Tube, flange and swivel – Salvation Army Thrift store – July 2009. No eyepieces, broken tripod.  Looked too much like junk to find a willing buyer.

It’s been a longish while since I owned a good telescope, an 8″ tube with a tracker drive to allow watching deep space objects or the moon without having to constantly chase the targets.  Since that time I’ve confined my star gazing to a pair of binoculars on a camera tripod unless some acquaintance owned a good one and invited me in for an evening.

But in July, 2009, I found an Orbitor 8500 Chinese tube in the Salvation Army Thrift Store in Kerrville with a sad, badly-used look to it and an unrealistic price tag.  I examined it carefully, then wandered around the store pretending to look at other merchandise while watching other customers when they got near it.  My thought was that if I saw someone getting too interested and likely to snag it I’d beat them to the counter and plunk down the unrealistic money with a pre-emptive strike.

After a while I moseyed back and talked to a couple of guys who were scowling at it.  I shook my head about it, talking about it not having a drive, speculating how much it would cost getting eyepieces, what a shame it was the tripod was junk.  We agreed a person would be a fool to take it home at any price.  Likely that mirror, I pointed out, was as much a piece of junk as the rest of it.
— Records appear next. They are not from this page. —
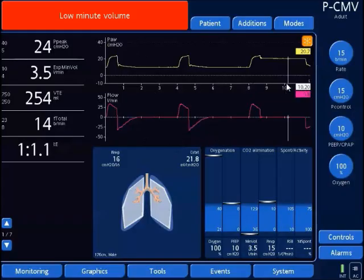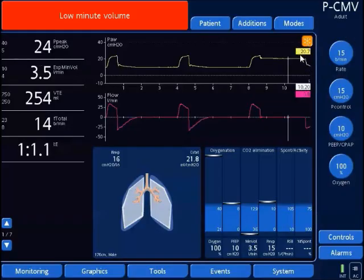As you notice, the screen is frozen, and we'll look at this control arrow that's used with the control knob to scroll over and actually measure the pressure. From this example, the plateau pressure is 20 and the peak pressure is 24. You see that measurement of 20.7 — that's the actual measured value based on where the cursor is placed on the waveform itself.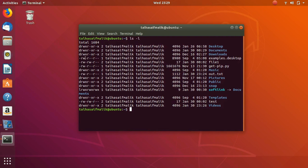R stands for read, W stands for write — so it means the owner has permissions of reading and writing. The group has the permission of reading and writing, and the public can only read the file. D stands for directory, and X stands for execution. So to repeat: D stands for directory, R stands for read, W stands for write, X stands for execute.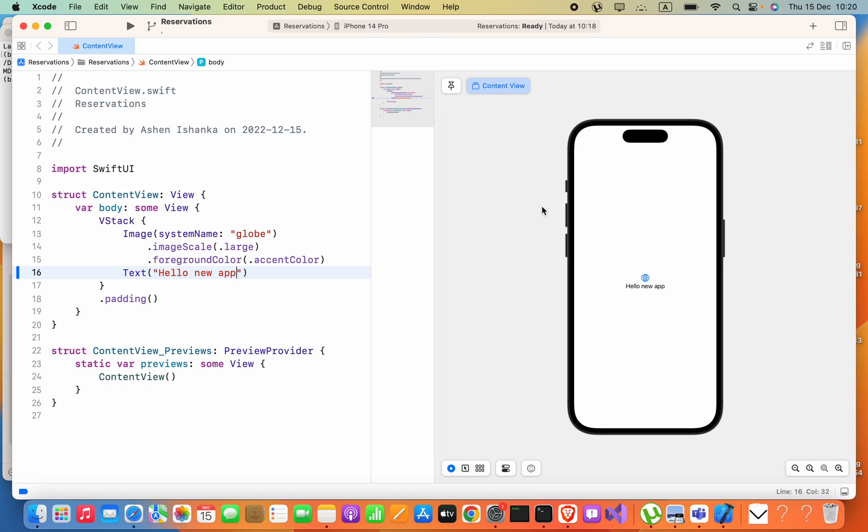all you have to do is just refresh. You can press on this button. Now you can see it is reloading. That's it for this video. If this video helps you, please subscribe to my YouTube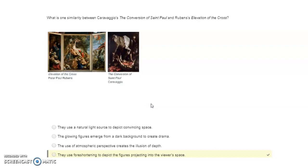What is one similarity between Caravaggio's The Conversion of Saint Paul and Rubens' Elevation of the Cross? They both used foreshortening to depict figures projecting into the viewer's space.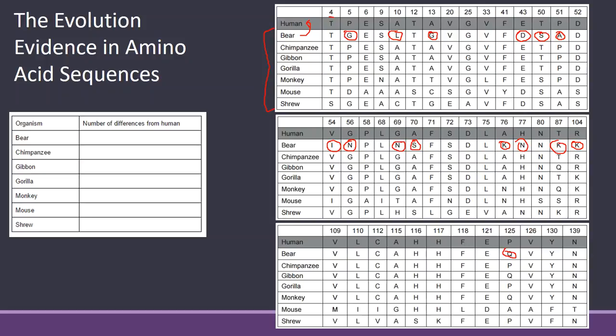So then you just count them up. One, two, three, four, five, six, seven, eight, nine, ten, eleven, twelve, thirteen, fourteen, fifteen. So there are fifteen differences in the amino acid sequence for hemoglobin in a bear compared to a human.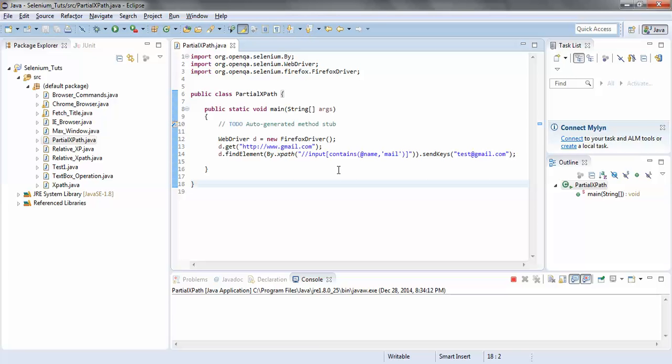So we have understood how to use partial XPath with the keyword contains. In my next tutorial I would cover partial XPath with the starts-with keyword. Thanks for joining — hope to see you soon, bye.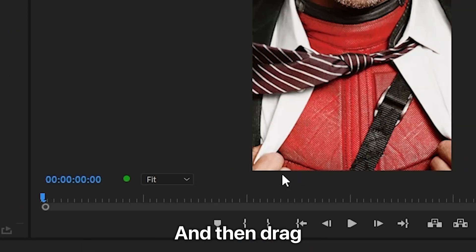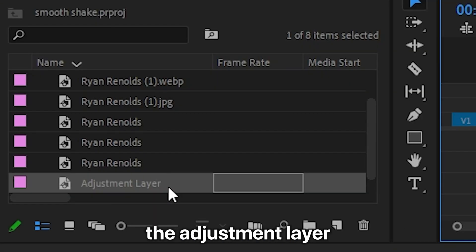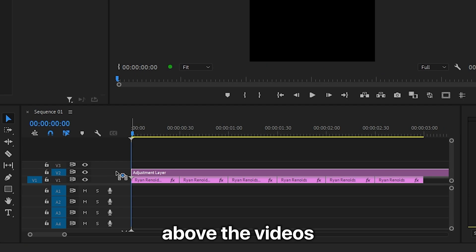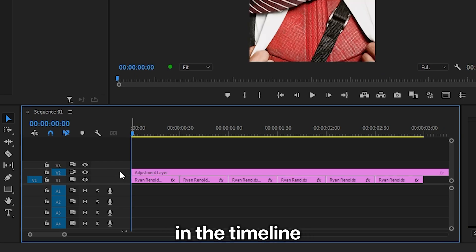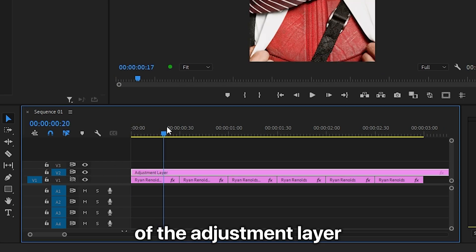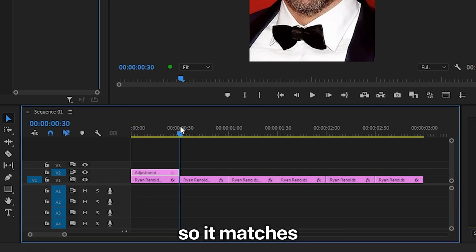Now click on OK and then drag the adjustment layer above the videos in the timeline. Also adjust the duration of the adjustment layer so it matches the first video.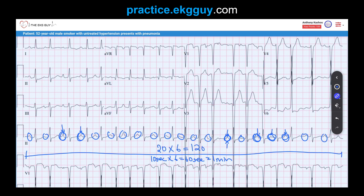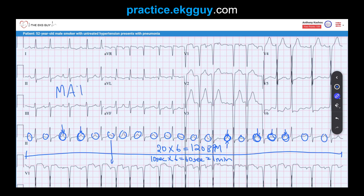Twenty P-waves times 6 is 120 beats per minute. Some P-waves are buried — looking at V1 can help distinguish those blended with the end of T-waves, especially with faster rhythms where the R-to-R interval narrows. Given an atrial rate over 100 bpm, more than three different P-wave morphologies, and an irregularly irregular rhythm, this should make you think of multifocal atrial tachycardia — and that's exactly what's present here.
We all wandered away, and I picked up a couple of books off the 25 cent shelf.  After those two guys left I went back and made a show of frowning at it a while longer before I went over to the counter to talk it over with the lady I’d done a goodly amount of haggling with in the past who knew what to expect from me.
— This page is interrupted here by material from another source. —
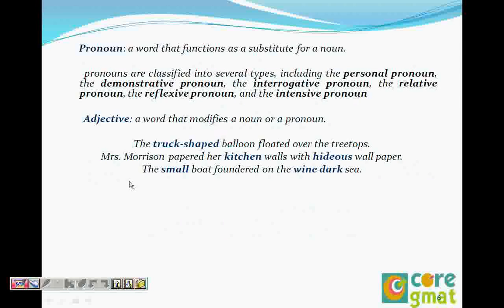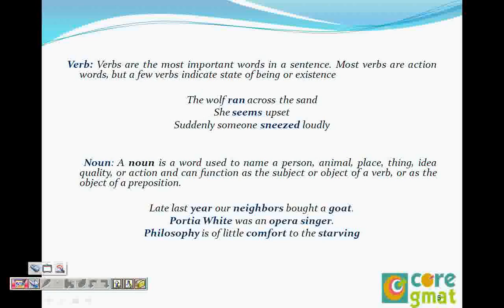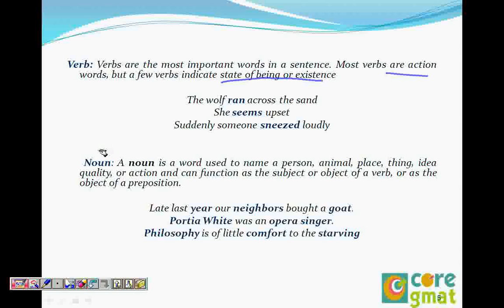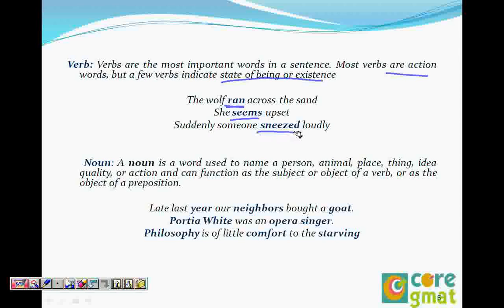Action or state of being or existence. So it says 'wolf ran across the sand.' What is the verb here? Ran — because it shows the action. 'She seems upset.' Seems is the verb. 'Suddenly someone sneezed loudly.' Sneezed. So these are the verbs in the sentence.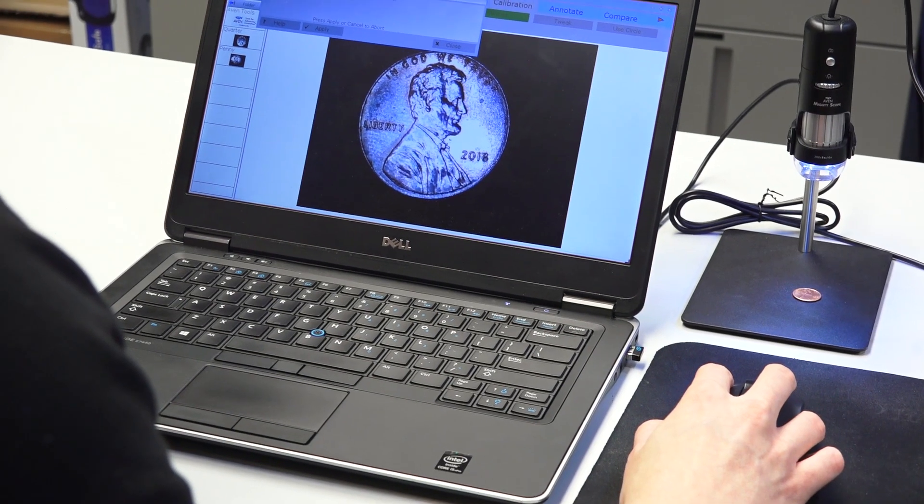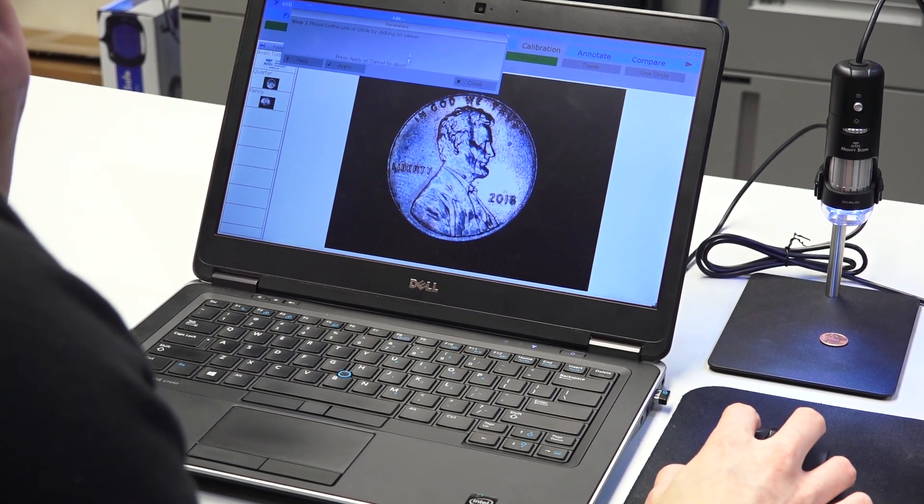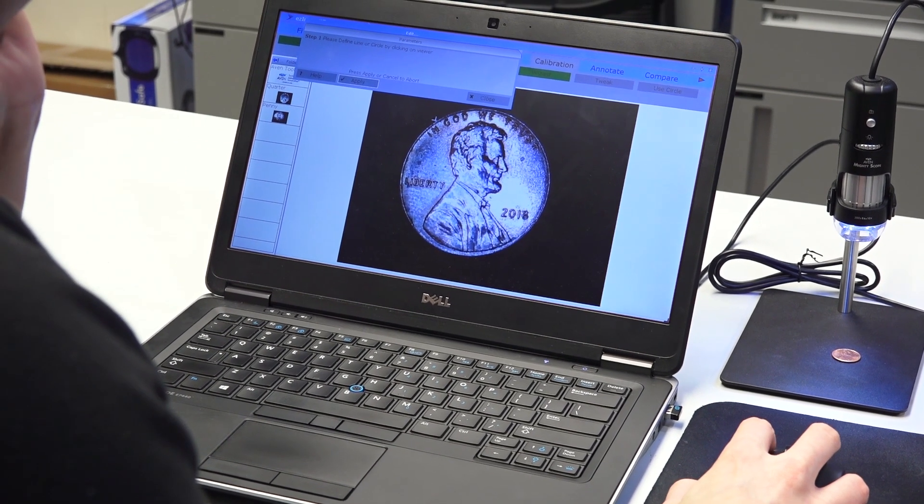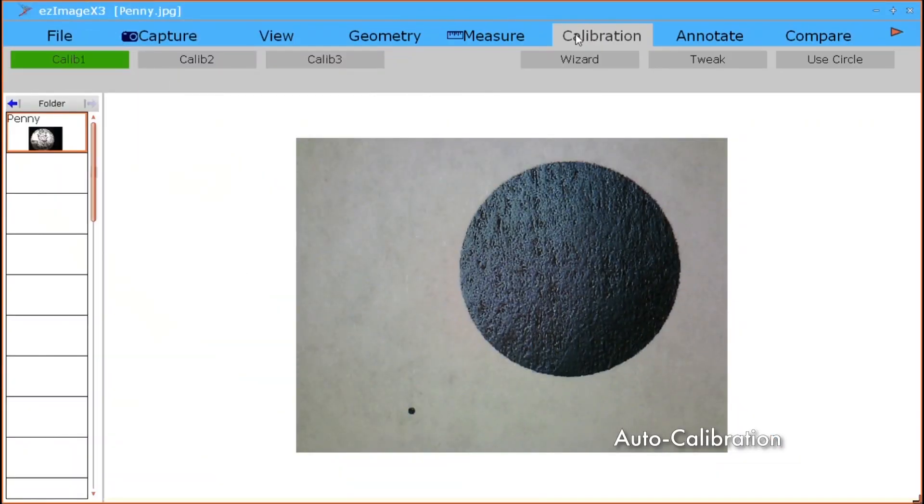Easy Image X3 has also added new features to meet the demands of today's users, such as auto calibration.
Somebody’s going to be back arguing with you if you sell them that telescope and they take it home and try to use it.”  I fiddled around in my pocket for change to pay for the books.

What’s wrong with it?”

If they don’t know what they’re paying for they’ll get it home and end up with something they can’t use.  It’s a cheap Chinese-made thing to start out with, but the tripod’s broken, for starters.  Someone didn’t take care of it.  Probably a kid got it for Christmas and lost interest by New Year, pushed it into the corner until he broke it.” 

I plunked down my money for the books.  “Do you suppose the guys in back let the eyepieces get separated from it?  Nobody can use it without eyepieces and they’re expensive.  Might not even be able to get the right diameter ones easily.  If you could find the eyepieces someone might buy it at some price.”

Eventually I agreed to haul it off for five bucks if she’d promise to try to find the eyepieces and hold them for me if they turned up.  She doubted seriously they’d be found, but I had in mind to buy salvage lenses off the web and turn down something to put them into out of wood on Gale’s lathe.

But there was still the problem of the drive and the tripod.  I spent the next couple of years picking up junk telescopes and parts at garage sales and other thrift stores.

Collecting parts from other stores:

Primarily I was after a tracker drive and eyepieces but I ended up with a lot else.

Then, this summer I found this for $5:

Batteries are dead, telescope is trash, wrong size cove for tube. Tripod’s great. One good eyepiece. Great price. Humane Society Thrift Store July 2011.  In a thrift store environment dead batteries most equal disfunctional. They might be right. These are still dead.
 But all that can hopefully be managed.  Meanwhile, back in the Salvation Army Thrift store this summer I was down at the end of the glass counters and noticed a dusty baggie with eyepieces in it.  When the lady who sold me the telescope in 2009 finished ringing up a customer I got her attention.
That bag full of lenses in that end counter,” I pointed.  “How much are you asking for them?”
She came for a look.  “Oh, I can’t sell those.  They told me to hold them in case the guy who bought the telescope comes back for them.” 
Then she looked at me, down at the lenses and back at me her face dawning realization.  “YOU’RE the one who bought the telescope!”
Yeah, I am.”
 It’s still got some work ahead.  I have to do some figuring how to get a cove that fits the tube attached to the drive, if the drive can be made to work.  But something will turn up one way or another.  The Coincidence Coordinators will make certain of that.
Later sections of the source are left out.